Coldheart Canyon by Clive Barker. Part seven. Chapter 1, 2, 3, 4, 5, 6

She raised her hand to silence their murmuring.

“Listen to me,” she said.

The chorus began to subside.

“I’m going to be leaving the house for a few hours,” Katya said, her voice a little tentative at the beginning, but gaining strength as she proceeded. “But when I come back I intend to make some changes. I don’t want you living in misery. That has to stop.”

She started to turn away, intending to leave the statement there. But some of her congregation didn’t want to let her go without hearing something more specific in her reply.

“What changes are you going to make?” someone demanded.

“Is that you, Roman?” Katya said, scanning the crowd.

The speaker didn’t have time to identify himself. There were more questions. Somebody wanted to know why she was leaving; somebody else demanded to know how long they would have to wait.

“Listen to me, listen to me,” she said, quieting the rising hubbub. “I understand that you all want to come into the house. But I don’t think you understand the consequences.”

“We’ll take them, whatever they are,” somebody said. There was a general murmur of agreement to this.

“If that’s what you want,” Katya replied, “I will consider it. When I get back — ”

“What if you don’t come back?”

“Trust me. I will.”

“Trust you? Oh please.” The mocking voice emerged from a bitter, painted face amongst the crowd. “You tricked us all. Why the hell should we trust you now?”

“Theda,” Katya said. “I don’t have the time to explain right now.”
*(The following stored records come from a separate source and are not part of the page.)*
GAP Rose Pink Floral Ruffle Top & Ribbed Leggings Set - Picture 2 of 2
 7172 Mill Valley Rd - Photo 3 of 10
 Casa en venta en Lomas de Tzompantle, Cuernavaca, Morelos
“Well you hold on, honey, because we want some answers. We’ve had years of waiting to go back into that room — ”

“Then you can afford to wait a few hours more,” Katya replied, and without waiting for Theda Bara to come back with a retort she turned and headed on up the steps to the top of the flight.

There was a moment — just a quarter of a beat, there at the top of the stairs — when she thought she’d misjudged her audience, and they’d come up the stairs after her, their patience finally exhausted. But they’d stayed below. Even Theda. Perhaps somebody had caught hold of her arm, to keep her from doing something stupid.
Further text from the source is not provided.